Labor Day kicks off an uncommon campaign season for organized labor
Organized labor typically greets the end of the summer and the beginning of campaign season with a roar. But it is trading that for quiet celebrations of service and online education today.
Although the 141,000- plus union members in the seven-county region ratcheted back their public celebrations of strength, the region is still among the nation’s strongest union communities and one that will likely be a force in this fall’s election.
Federal government reports show 13.2% of the region’s wage and salaried workers were union members in 2019. A diverse group including mill workers, construction workers, teachers, nurses and janitors, among others, carries union cards here. Although overall union membership is down from 23.5% 24 years earlier, unions here still hold clout in a nation where only 10.3 percent of workers carry union cards.
On any other Labor Day their strength would be apparent across Southwestern Pennsylvania.
Pittsburgh traditionally hosts the nation’s largest Labor Day parade, an event that attracts upwards of 200,000 and often boasts presidential candidates among those marching. Next door in Westmoreland County, the annual Labor United festival at Northmoreland Park usually attracts about 10,000 people.
Those numbers can translate into votes and campaign cash.
But some of the local unions that have traditionally supported Democrats are looking twice this year.
The AFL-CIO, which represents some 12.5 million workers in 55 unions across the country, voted to endorse Democrat Joe Biden earlier this year. But last week, Boilermakers Local 154, a union that boasts some 1,500 members in the tri-state, broke away from the AFL-CIO to endorse President Trump’s re-election bid.
John Hughes, business manager for the local, said Trump supports the energy sector industries that keep his members employed servicing power plants, steel mills and other industrial installations.
“He’s a coal guy. I’ve met him. I’ve talked with him. He supports us,” Hughes said.
Charles McCollester, a retired professor of labor relations at Indiana University of Pennsylvania, is a labor historian from Pittsburgh whose own roots go back to his years as a union member. He said sentiments such as those voiced by Hughes have become common among union members in the building trades who fear Democrats support for alternative energy are a threat to their livelihoods.
“The building trades are the strongest sector of the union movement in Western Pennsylvania and they tend to be more divided because of fossil fuels and fracking. They are very, very nervous about that, and Trump has very skillfully worked on their resentment and anger,” McCollester said.
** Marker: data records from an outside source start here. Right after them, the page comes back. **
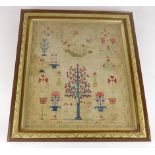 An early Victorian sampler by Mary Lancashire 44 cm x 37 cm. CONDITION REPORT: Colours generally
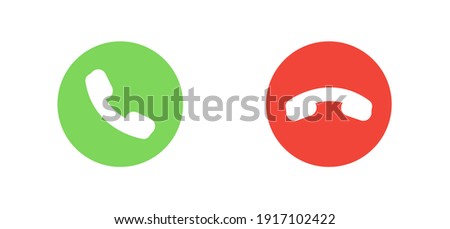 Answer and decline phone call buttons. Green yes-no buttons with handset silhouettes icon. Phone call icons. Vector illustration. EPS 10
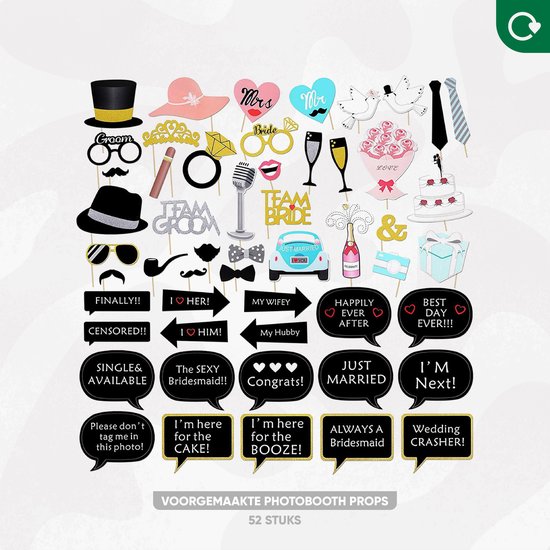 Set van 52 bruiloft fotohokje props met diverse accessoires zoals hoeden, brillen, strikken, een trouwauto, taart, champagne en tekstbordjes.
More than that, local labor leaders said their members tend to be moderates and social conservatives, put off by what they see as a Democratic party that has moved left of center.
“It’s an ugly scenario. They have got it all split up. The AFL-CIO ain’t what it once was. Once it was powerful and strong,” said one local construction trades president who spoke on background, bemoaning fractures in the labor movement.
Fractures among labor voters were apparent in a national exit poll in 2016 that showed Hillary Clinton, who boasted union backing and bucks, pulling only 51% of the voter from households that identified as union households compared to 48% for Trump.
Jim Ziska, business agent for Teamster Local 30 in Jeannette, sees those splits among his members today, as well.
“It’s amazing how many of our members are Trump supporters,” he said.
Ziska said that can make for some hard conversations among his members whose 1.4 million member International Brotherhood of Teamsters has endorsed the Biden-Harris ticket.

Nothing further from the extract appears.